→ **Exercise requirements**:
Wherever a line in the data holds the word "London", pull that line out.

→ **Provided material**:

§

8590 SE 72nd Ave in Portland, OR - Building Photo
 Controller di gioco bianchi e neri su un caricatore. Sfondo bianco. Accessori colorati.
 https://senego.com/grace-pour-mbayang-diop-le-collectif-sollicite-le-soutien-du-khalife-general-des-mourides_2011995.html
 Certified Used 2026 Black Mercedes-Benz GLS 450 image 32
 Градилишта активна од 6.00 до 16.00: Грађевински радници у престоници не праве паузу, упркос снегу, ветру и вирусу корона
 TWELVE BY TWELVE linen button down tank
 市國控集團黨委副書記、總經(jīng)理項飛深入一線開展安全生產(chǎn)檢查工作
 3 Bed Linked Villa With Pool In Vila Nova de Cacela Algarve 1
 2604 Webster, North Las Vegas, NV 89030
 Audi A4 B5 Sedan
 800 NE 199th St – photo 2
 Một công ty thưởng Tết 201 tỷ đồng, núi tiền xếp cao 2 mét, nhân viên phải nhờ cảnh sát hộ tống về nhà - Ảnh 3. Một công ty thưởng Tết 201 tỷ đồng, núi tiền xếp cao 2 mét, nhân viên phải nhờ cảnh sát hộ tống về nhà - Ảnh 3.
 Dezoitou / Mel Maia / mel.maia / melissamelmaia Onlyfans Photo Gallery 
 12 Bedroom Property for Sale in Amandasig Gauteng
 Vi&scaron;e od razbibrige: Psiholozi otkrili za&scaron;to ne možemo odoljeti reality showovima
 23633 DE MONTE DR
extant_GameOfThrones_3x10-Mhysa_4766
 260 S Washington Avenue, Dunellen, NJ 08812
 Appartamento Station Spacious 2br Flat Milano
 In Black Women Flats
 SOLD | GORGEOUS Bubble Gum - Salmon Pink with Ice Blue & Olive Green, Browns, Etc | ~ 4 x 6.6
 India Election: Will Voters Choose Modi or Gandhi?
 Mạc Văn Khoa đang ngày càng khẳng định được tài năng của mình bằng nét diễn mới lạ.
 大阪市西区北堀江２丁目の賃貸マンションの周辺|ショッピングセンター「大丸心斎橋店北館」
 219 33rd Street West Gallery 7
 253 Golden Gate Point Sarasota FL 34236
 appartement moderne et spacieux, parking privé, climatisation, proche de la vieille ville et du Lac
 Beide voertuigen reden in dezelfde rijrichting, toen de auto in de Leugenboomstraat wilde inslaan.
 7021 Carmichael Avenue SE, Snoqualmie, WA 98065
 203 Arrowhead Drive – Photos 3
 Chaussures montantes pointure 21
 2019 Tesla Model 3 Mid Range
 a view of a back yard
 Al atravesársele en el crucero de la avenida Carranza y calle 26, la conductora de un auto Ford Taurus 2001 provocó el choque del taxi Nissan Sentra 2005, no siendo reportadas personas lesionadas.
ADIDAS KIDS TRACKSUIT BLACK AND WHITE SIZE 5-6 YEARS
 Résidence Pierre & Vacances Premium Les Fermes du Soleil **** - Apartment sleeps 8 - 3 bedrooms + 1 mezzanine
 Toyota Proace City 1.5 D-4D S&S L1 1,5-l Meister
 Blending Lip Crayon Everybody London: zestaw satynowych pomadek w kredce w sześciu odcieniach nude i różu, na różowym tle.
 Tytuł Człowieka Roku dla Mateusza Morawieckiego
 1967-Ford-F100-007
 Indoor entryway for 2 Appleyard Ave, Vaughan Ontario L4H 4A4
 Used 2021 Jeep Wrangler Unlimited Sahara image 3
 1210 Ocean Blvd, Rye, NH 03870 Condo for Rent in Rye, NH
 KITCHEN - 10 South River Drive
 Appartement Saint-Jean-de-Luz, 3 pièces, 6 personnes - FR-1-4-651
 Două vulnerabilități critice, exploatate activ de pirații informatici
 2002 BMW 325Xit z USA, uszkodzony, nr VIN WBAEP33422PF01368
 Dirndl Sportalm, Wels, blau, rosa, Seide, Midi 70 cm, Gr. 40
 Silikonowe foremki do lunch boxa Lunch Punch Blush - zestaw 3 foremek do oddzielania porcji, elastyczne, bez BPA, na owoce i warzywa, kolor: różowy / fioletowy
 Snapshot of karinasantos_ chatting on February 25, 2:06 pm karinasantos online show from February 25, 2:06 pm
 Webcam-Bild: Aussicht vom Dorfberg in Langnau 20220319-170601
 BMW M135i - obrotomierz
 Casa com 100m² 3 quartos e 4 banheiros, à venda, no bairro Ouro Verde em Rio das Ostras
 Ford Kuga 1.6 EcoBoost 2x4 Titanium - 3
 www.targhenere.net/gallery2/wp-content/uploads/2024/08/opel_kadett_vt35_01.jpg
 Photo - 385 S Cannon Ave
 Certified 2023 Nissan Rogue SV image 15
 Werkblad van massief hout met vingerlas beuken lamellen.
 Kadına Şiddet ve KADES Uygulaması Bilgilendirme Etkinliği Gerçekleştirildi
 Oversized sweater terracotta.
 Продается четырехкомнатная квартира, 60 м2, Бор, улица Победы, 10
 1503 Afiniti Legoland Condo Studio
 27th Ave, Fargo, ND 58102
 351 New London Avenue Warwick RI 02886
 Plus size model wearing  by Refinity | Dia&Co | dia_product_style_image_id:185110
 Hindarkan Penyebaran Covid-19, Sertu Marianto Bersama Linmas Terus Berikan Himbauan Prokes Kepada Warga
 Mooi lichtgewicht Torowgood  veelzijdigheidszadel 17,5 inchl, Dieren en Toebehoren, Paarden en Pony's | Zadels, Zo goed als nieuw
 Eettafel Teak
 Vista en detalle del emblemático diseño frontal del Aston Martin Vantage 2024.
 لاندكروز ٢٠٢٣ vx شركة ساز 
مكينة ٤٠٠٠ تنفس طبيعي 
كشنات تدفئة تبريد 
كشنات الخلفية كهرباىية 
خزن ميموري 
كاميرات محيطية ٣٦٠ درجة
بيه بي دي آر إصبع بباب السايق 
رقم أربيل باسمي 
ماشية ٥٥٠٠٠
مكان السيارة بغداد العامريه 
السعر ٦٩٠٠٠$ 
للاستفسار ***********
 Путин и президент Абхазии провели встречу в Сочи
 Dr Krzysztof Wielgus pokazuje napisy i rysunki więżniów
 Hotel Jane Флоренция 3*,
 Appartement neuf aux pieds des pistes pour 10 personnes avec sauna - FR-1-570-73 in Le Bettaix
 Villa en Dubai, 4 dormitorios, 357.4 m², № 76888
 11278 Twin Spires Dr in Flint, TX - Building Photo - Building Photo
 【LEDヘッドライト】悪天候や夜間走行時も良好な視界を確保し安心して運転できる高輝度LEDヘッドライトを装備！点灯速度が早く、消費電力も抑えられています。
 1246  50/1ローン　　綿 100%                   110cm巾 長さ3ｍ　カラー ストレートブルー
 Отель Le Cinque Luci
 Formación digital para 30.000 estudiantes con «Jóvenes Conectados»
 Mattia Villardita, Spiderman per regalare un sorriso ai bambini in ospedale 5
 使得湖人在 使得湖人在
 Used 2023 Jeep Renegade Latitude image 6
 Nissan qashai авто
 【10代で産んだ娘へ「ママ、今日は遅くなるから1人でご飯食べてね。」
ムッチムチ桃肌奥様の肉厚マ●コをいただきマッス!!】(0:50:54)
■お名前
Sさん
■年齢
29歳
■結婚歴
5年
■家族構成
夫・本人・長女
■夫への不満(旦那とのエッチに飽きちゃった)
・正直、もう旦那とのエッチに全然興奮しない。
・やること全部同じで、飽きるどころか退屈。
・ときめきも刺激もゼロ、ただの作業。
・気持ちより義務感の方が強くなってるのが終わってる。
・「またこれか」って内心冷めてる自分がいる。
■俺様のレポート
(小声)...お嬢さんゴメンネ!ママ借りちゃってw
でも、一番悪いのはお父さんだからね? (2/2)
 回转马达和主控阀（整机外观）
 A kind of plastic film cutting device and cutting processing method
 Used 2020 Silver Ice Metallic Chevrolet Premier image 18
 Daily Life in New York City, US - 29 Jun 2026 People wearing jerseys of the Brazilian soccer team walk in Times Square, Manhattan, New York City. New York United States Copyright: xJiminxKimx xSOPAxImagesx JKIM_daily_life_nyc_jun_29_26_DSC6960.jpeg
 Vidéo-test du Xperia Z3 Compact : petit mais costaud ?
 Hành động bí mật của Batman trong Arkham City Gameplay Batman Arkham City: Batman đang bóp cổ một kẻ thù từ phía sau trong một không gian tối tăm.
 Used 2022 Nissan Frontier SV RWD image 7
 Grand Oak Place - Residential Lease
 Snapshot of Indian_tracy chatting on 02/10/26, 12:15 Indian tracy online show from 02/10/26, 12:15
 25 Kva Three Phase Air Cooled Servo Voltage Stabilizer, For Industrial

§

→ **Result of this exercise**:
 Blending Lip Crayon Everybody London: zestaw satynowych pomadek w kredce w sześciu odcieniach nude i różu, na różowym tle.
 351 New London Avenue Warwick RI 02886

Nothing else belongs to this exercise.